WVCB
- Shallotte, North Carolina; United States;
- Broadcast area: Grand Strand
- Frequency: 1410 kHz

Programming
- Format: Contemporary Christian and gospel music
- Affiliations: Salem Radio Network; Carolina Panthers Radio Network; Sports USA Radio Network; Music & the Spoken Word;

Ownership
- Owner: WVCB Radio

History
- First air date: June 11, 1964
- Last air date: September 15, 2021

Technical information
- Licensing authority: FCC
- Facility ID: 31573
- Class: D
- Power: 500 watts day; 168 watts night;
- Transmitter coordinates: 33°58′37″N 78°22′54″W﻿ / ﻿33.97694°N 78.38167°W

Links
- Public license information: Public file; LMS;

= WVCB =

WVCB (1410 AM) was a radio station broadcasting a combination of contemporary Christian and gospel music. WVCB transmitted with a daytime power of 500 watts, reducing to 168 watts during nighttime. It had always held the call sign WVCB. WVCB was an affiliate of the Carolina Panthers Radio Network, and aired other NFL games via the Sports USA Radio Network. It also aired Music & the Spoken Word from CBS Radio. WVCB went silent on September 15, 2021.

==History==
===Shallotte Broadcasting Company===
The Shallotte Broadcasting Company applied for a new broadcasting license on April 30, 1962, which was granted on September 11, 1963. On October 3, 1963, the call sign WVCB was attached to the construction permit. WVCB began broadcasting on June 11, 1964. Its license was granted on January 12, 1965.

===The John Worrell years===
In January 1984, John Worrell bought the station. Upon his death, ownership transferred to his wife, Joyce.

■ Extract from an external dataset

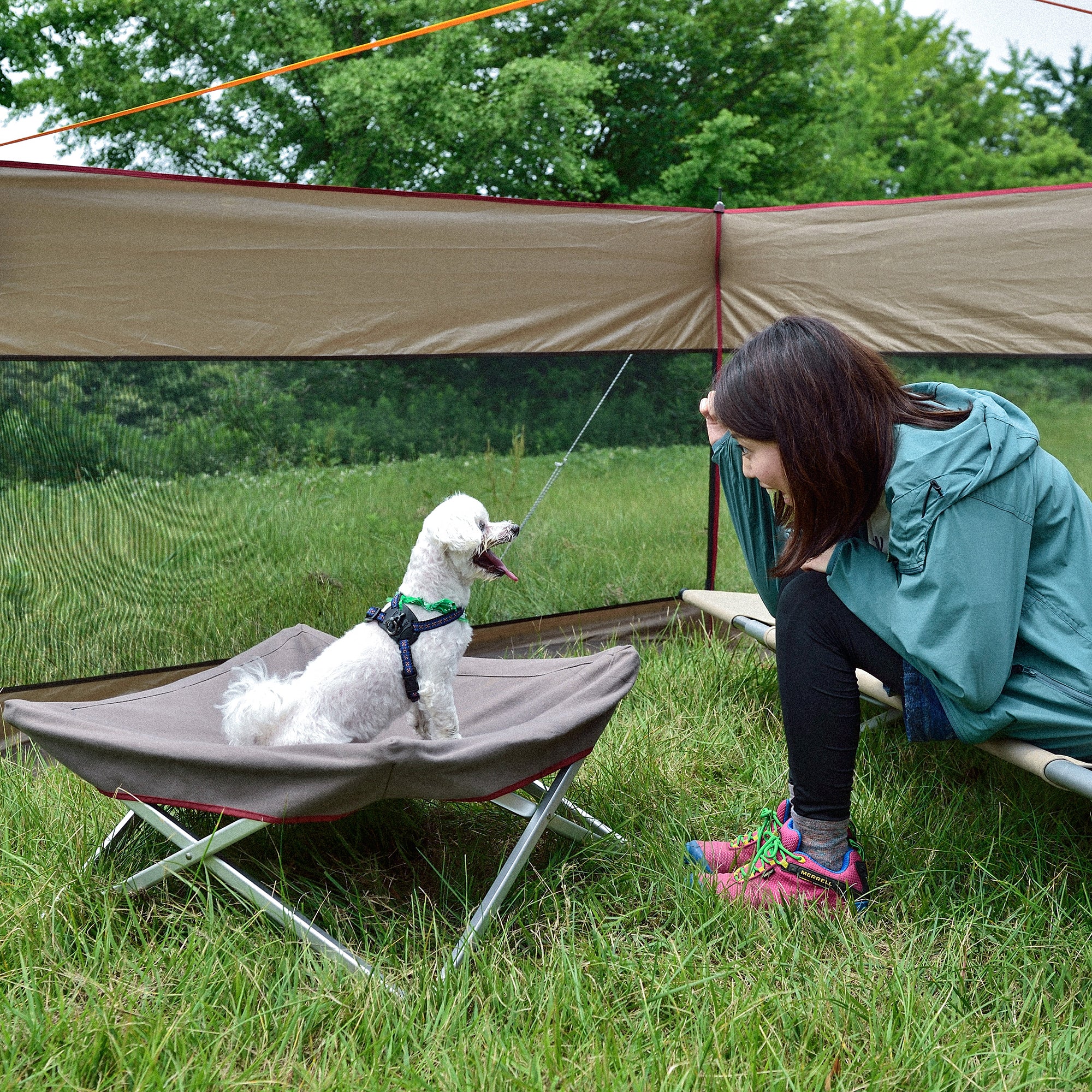 Dog Cot - Image 8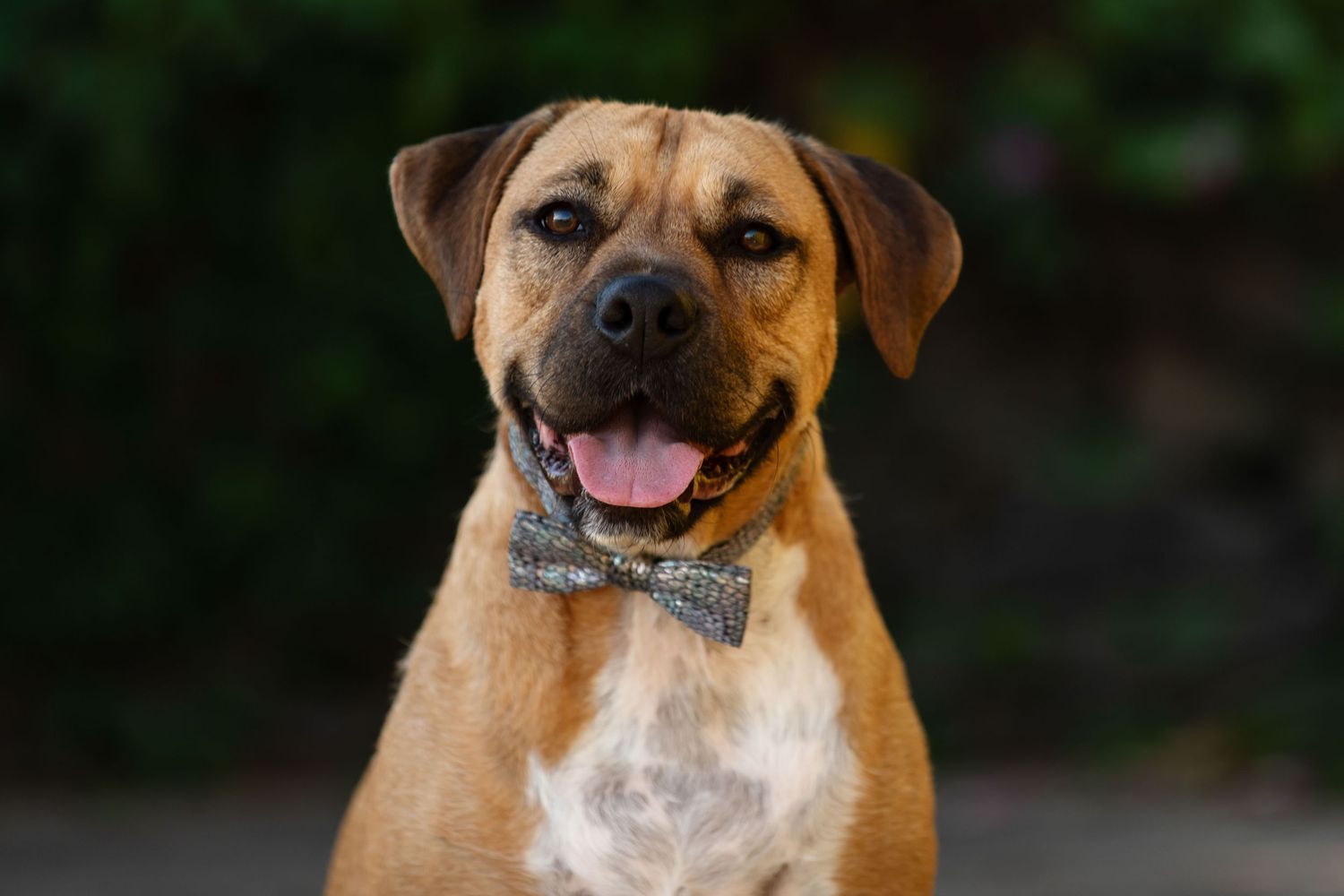 Happy tan and white mixed breed dog wearing a bow tie smiles at camera with dark background behind them.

On December 24, 2014, the station went off the air; it returned to the air on December 6, 2015.

===Post-John Worrell===
WVCB changed its format in April 2017 to a more contemporary and gospel music format, adding national and local ministries as broadcast partners. WVCB also began streaming its broadcast on TuneIn and the website.

WVCB went silent on September 15, 2021 due to its transmitter failing. The Federal Communications Commission cancelled the station’s license on January 31, 2024.